Input data START

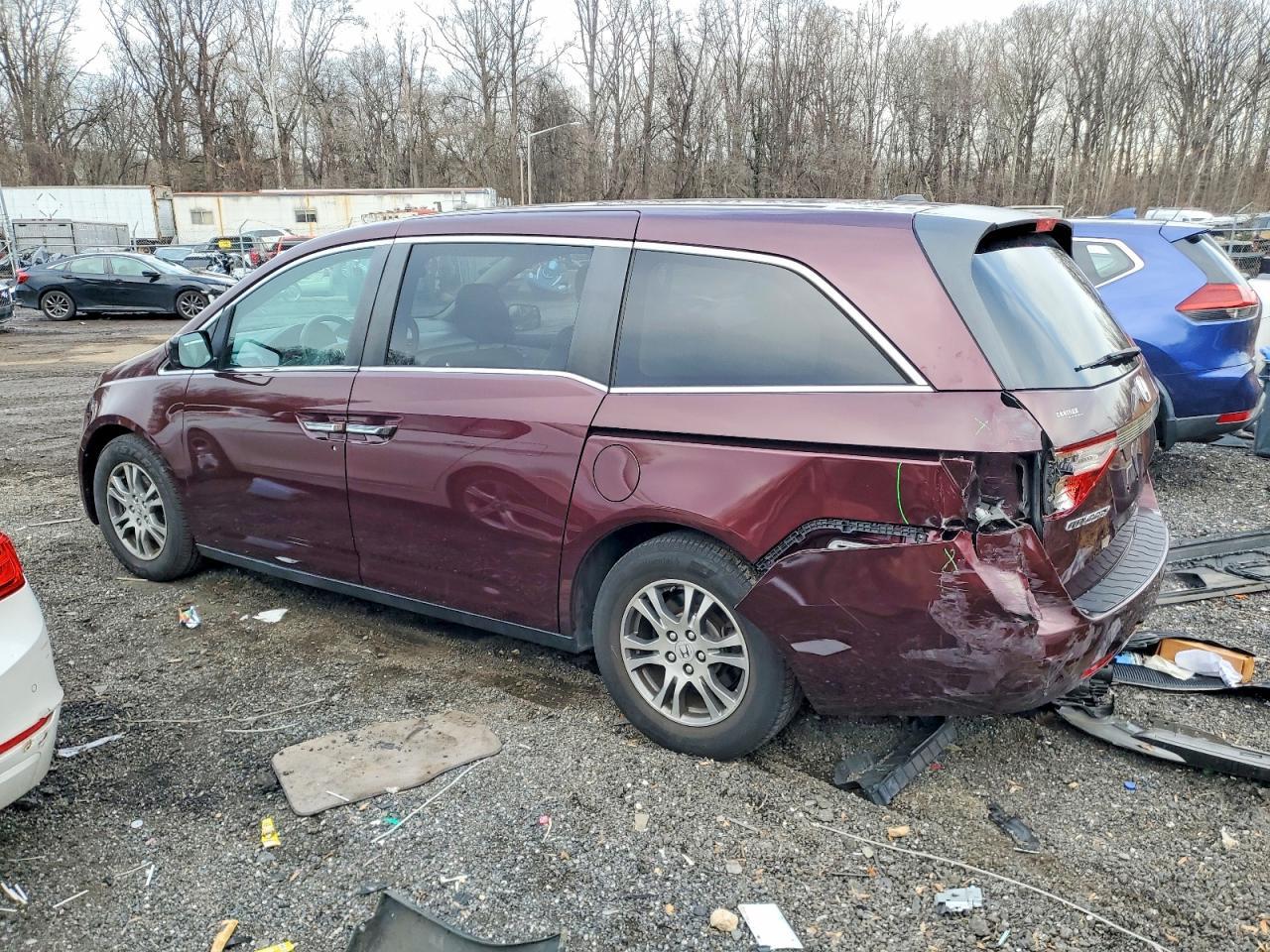 2013 Honda Odyssey Exl - Фото 2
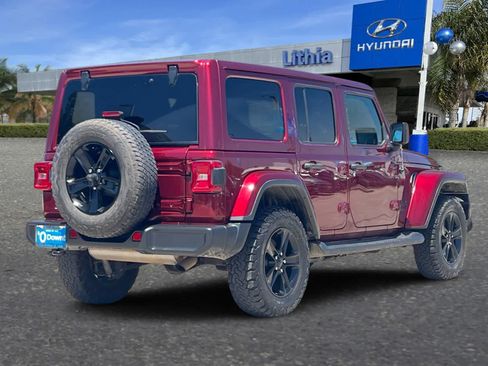 Used 2021 Jeep Wrangler Unlimited Sahara AWD/4WD image 3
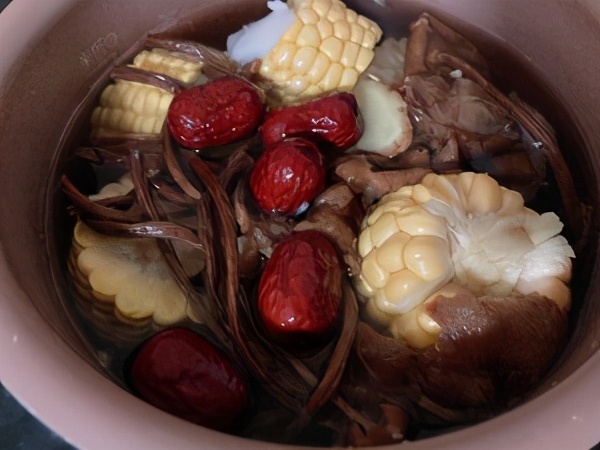 茶树菇煲汤，怎样搭配，味道更鲜美？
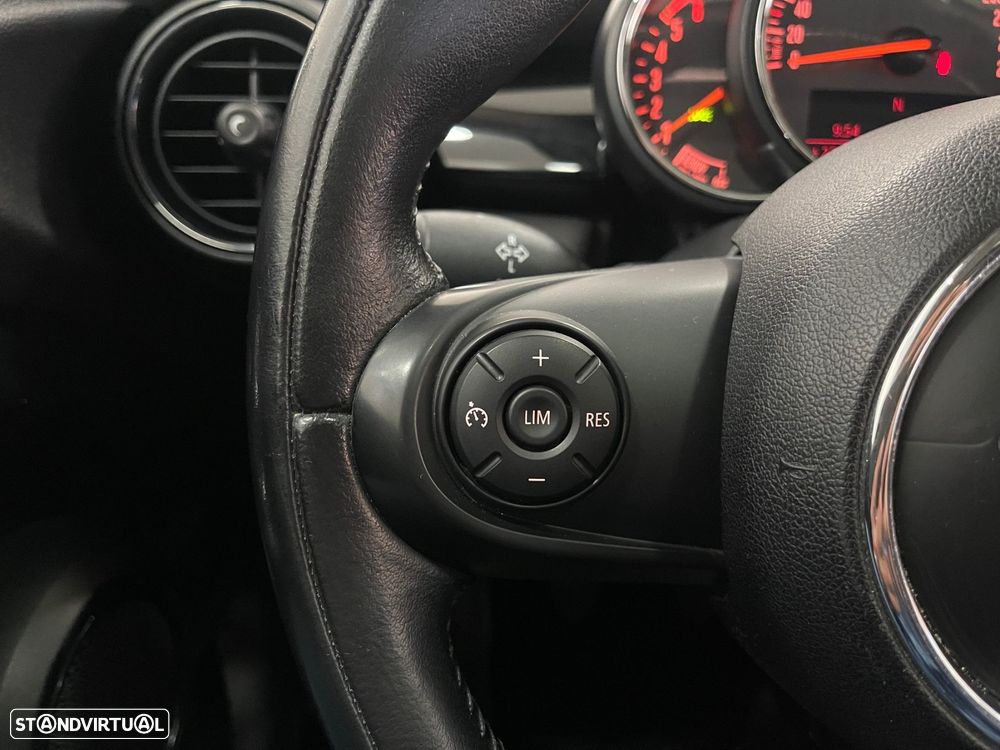 MINI 5 Portas One D - 32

Input data END

(Task item):
Transcribe the whole listing exactly as it stands, apart from the pictures.

(Output below):
 2013 Honda Odyssey Exl - Фото 2
 Used 2021 Jeep Wrangler Unlimited Sahara AWD/4WD image 3
 茶树菇煲汤，怎样搭配，味道更鲜美？
 MINI 5 Portas One D - 32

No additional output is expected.